Aim of the task:
With pictures left out, output exactly the lines from the line holding "Kniha: Sophie the" through the end of the data, both included.

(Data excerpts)
►

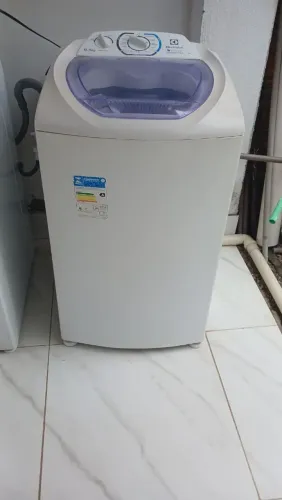 Vendo máquina 8kg Eletrolux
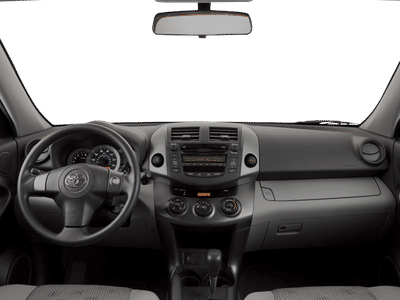 2012 Toyota RAV4 — detail view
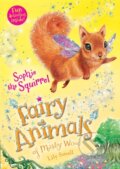 Kniha: Sophie the Squirrel (Lily Small). , 2017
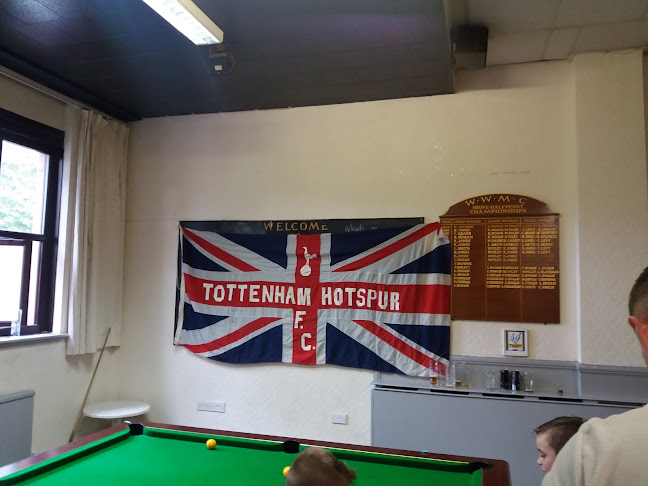 Comments and reviews of Willesden Working Men's Club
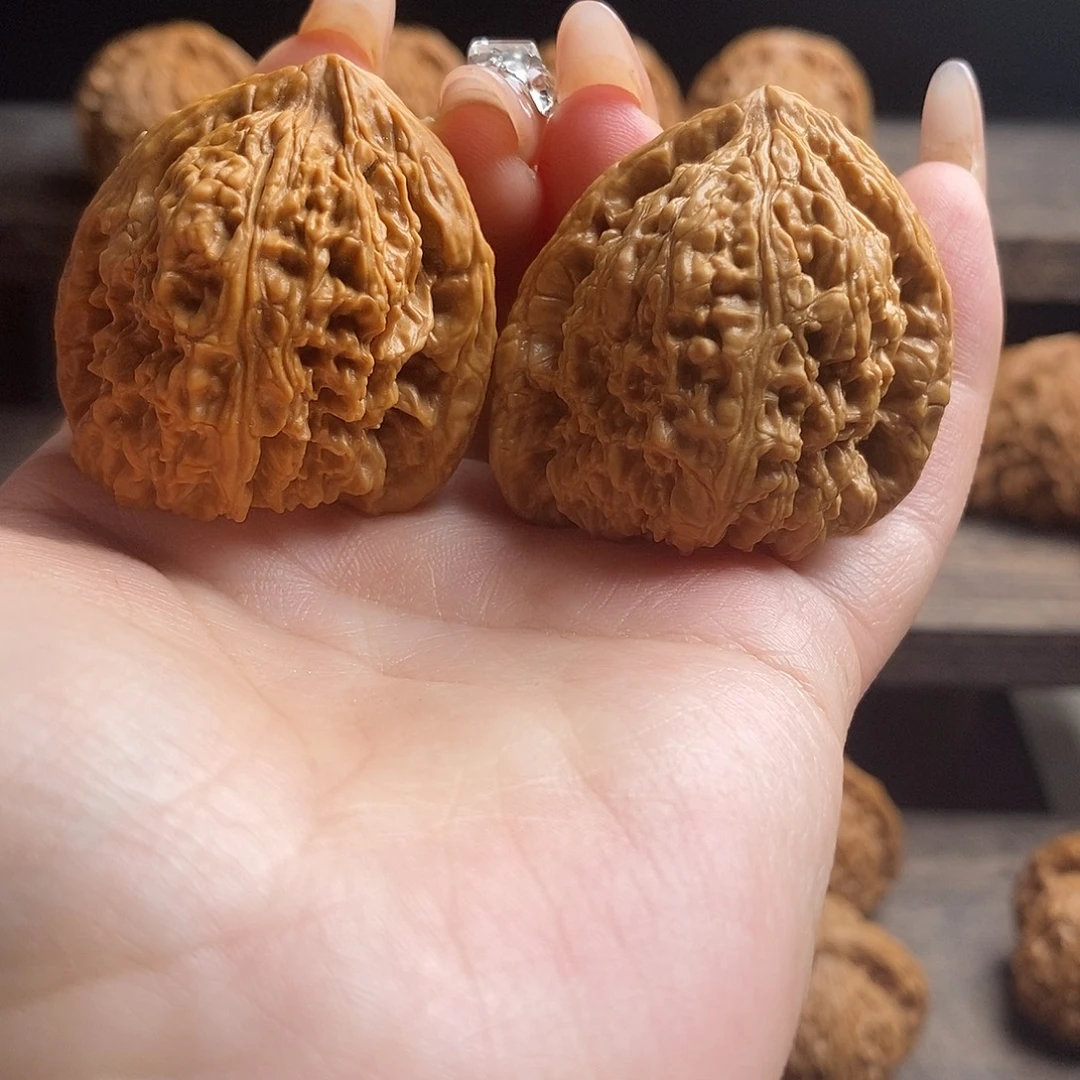 浩***文玩核桃吊坠全品涿鹿南疆天残40尺寸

◄

Answer space:
 Kniha: Sophie the Squirrel (Lily Small). , 2017
 Comments and reviews of Willesden Working Men's Club
 浩***文玩核桃吊坠全品涿鹿南疆天残40尺寸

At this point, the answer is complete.